Self-renewal capacity is a widespread property of various types of neural crest precursor cells

Abstract

In vertebrates, trunk neural crest (NC) generates glia, neurons, and melanocytes. In addition, it yields mesectodermal derivatives (connective tissues, chondrocytes, and myofibroblasts lining the blood vessels) in the head. Previous in vitro clonal analyses of avian NC cells unraveled a hierarchical succession of highly pluripotent, followed by various intermediate, progenitors, suggesting a model of progressive restrictions in the multiple potentialities of a totipotent stem cell, as prevails in the hematopoietic system. However, which progenitors are able to self-renew within the hierarchy of the NC lineages is still undetermined. Here, we explored further the stem cell properties of quail NC cells by means of in vitro serial subcloning. We identified types of multipotent and oligopotent NC progenitors that differ in their developmental repertoire, ability to self-maintain, and response to exogenous endothelin 3 according to their truncal or cephalic origin. The most striking result is that bipotent progenitors are endowed with self-renewal properties. Thus glia-melanocyte and glia-myofibroblast progenitors behave like stem cells in that they are able both to self-renew and generate a restricted progeny. In our culture conditions, glia-myofibroblast precursors display a modest capacity to self-renew, whereas glia-melanocyte precursors respond to endothelin 3 by extensive self-renewal. These findings may explain the etiology of certain multiphenotypic NC-derived tumors in humans. Moreover, the presence of multiple stem cell phenotypes along the NC-derived lineages may account for the rarity of the "totipotent NC stem cell" and may be related to the large variety and widespread dispersion of NC derivatives throughout the body.

Fig. 1.

Phenotypic analysis of NCC in primary clones on 3T3 cells (A–L) and in subclones on collagen (M–P). (A–H) Cephalic NCC in control medium. (A–D) GNMF clone with cells expressing SMP (A), neurofilament (B, arrow), MelEM (C), and α-SMA (D) antigens. (E–H) GMFC clone showing cartilage islets (arrows in E, phase–contrast), a pigment cell (F, bright field), and cells positive for SMP (G) and α-SMA (H). (I–L) Trunk NCC in presence of ET3. GNMF clone with cells expressing SMP (I), MelEM (J), tyrosine hydroxylase (K), and α-SMA (L) is shown. (M and N) Cephalic NCC secondary cloning in the presence of ET3. GF subclone with cells immunoreactive for SMP (M) and α-SMA (N) is shown. (O and P) Trunk NCC tertiary cloning in the presence of ET3. GM subclone with cells positive for SMP (O) and MelEM (P) is shown. (Scale bar in P represents 50 μm; scale bar in D is 15 μm for D only.)

Fig. 2.

Self-renewal of cephalic NCC. Primary clones (I) from GF and GM founders were subcloned serially in control (A) and ET3-supplemented (B) media.
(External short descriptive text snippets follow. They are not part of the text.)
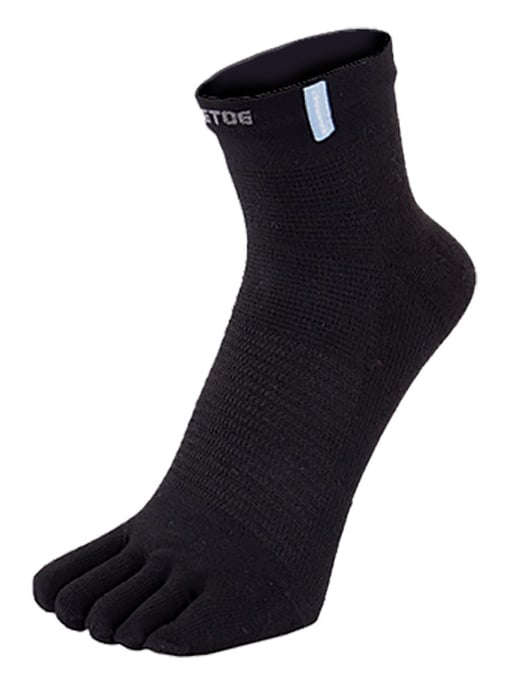 TOETOE - Mens & Ladies Moisture Wicking Outdoor Trainer Liner Toe Socks - Black - Image 1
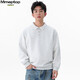 MMOPTOP Japanese heavyweight Chinese cotton polo collar sweatshirt autumn and winter men's loose inner long-sleeved MWY21 white flower gray L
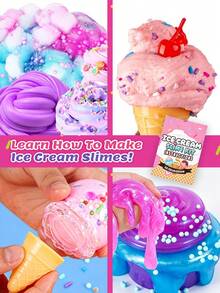 MINKOJA Set Mainan Pembuat Es Krim, Set Slime, Set Mainan Tanah Liat, Mainan Penghilang Stres, Pilihan Hadiah, Aktivitas Pesta, Mainan DIY Kreatif, Dekorasi, Ornamen, Mainan Ekstrusi, Set Pembuat Slime Es Krim, Slime Awan Mentega dan Busa, Set Slime Es Krim DIY - MultiWarna - View 5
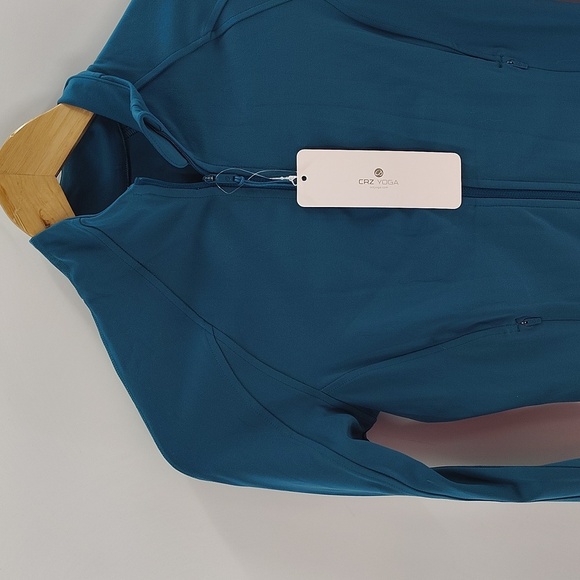 CRZ YOGA Zip Up Cropped Jacket Green Jade Size Small NWT Long Sleeve - Picture 2 of 9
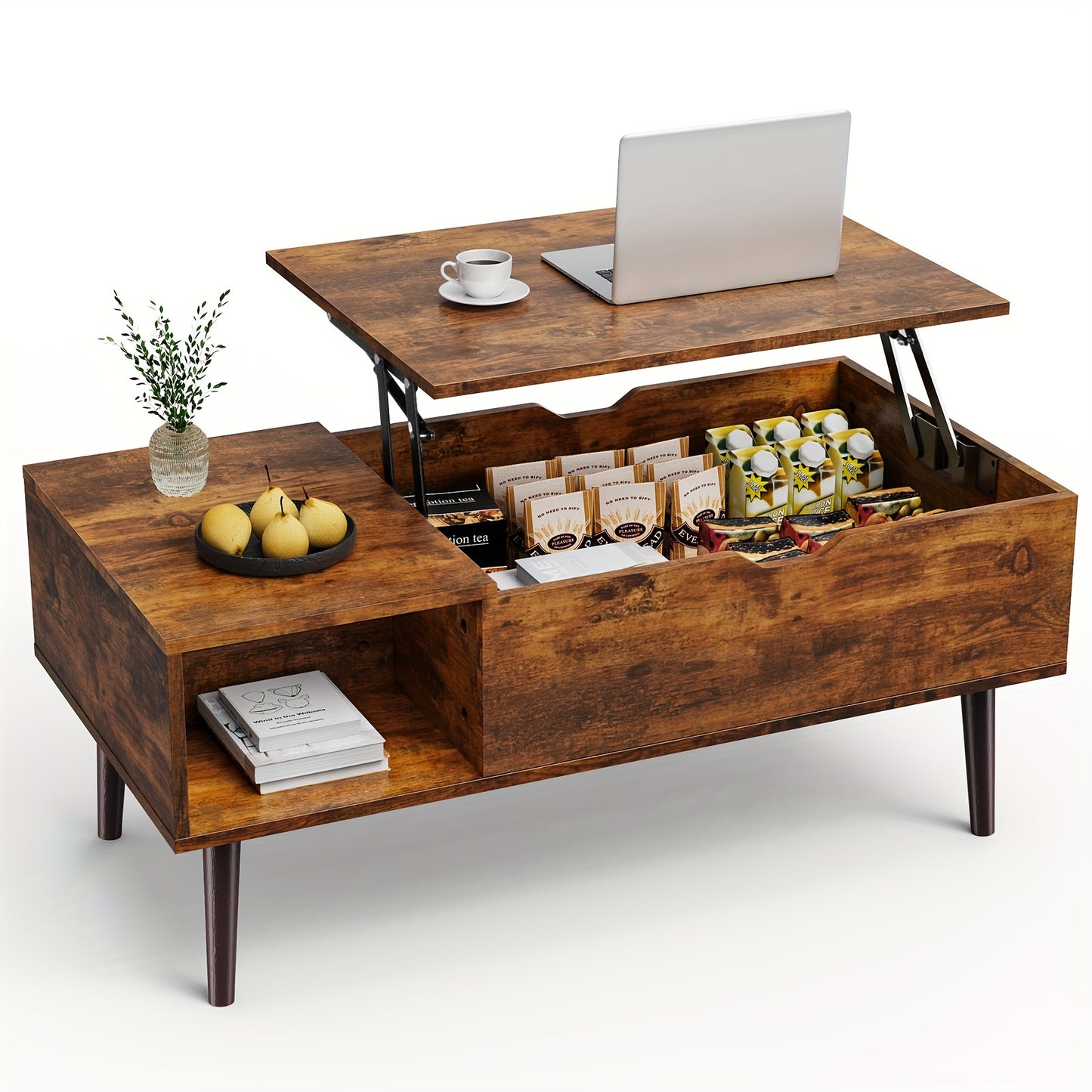 OLIXIS Lift Top Coffee Table Vintage Wood With Hidden Storage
At each generation, the different types of clones (and mean percentage of total clones), as well as the fold increase in the number of GF or GM produced by self-renewing founder cells, are indicated. The subcloned colonies were two GF I and GF II (control); and five GF I, two GF II, and one GM at each subcloning I–III (ET3) (see Tables 4 and 5 and Supporting Text).

Fig. 3.

Self-renewal of trunk NC precursors in presence of ET3. The progeny of identified GF, GM, and GMF precursors was analyzed during serial subcloning. The different types of subclones (and mean percentage of total clones), as well as the fold increase in the number of parental-like progeny produced by individual founders, are indicated. The increase in GM progeny is given for GMF founders (*). The subcloned colonies were as follows: three GF I; six GM I, five GM II, two GM III, and one GM IV; and one GMF (I) and two GM at cloning II and III (see Tables 6–8 and Supporting Text).

Fig. 4.

Model for cell-lineage segregation in cephalic (A) and trunk (B) NC. Progenitors are classified according to the number of developmental potentials, and those identified for the first time in the present study are shown in shaded circles. Data from in vitro clonal analysis (refs. – and and this study) indicate that differentiation of neurons, glia, melanocytes, myofibroblasts, and cartilage from totipotent quail NCC involves progressive developmental restrictions yielding several intermediate oligopotent precursors. Here, we identified a highly pluripotent GNMF precursor that could be a totipotent trunk NCC. The existence of a totipotent cephalic progenitor (GNMFC) and the filiations (dashed arrows) are hypothetical. The GM and GF precursors behave as stem cells. GF precursors self-renew independently of ET3 (curved arrows), whereas GM (and possibly GMF) progenitors display ET3-induced high self-renewal activity (bold curved arrows). ET3 also promotes GM differentiation into glial and melanocytic cells and biased GF stem cell progeny toward a glial fate (bold arrows).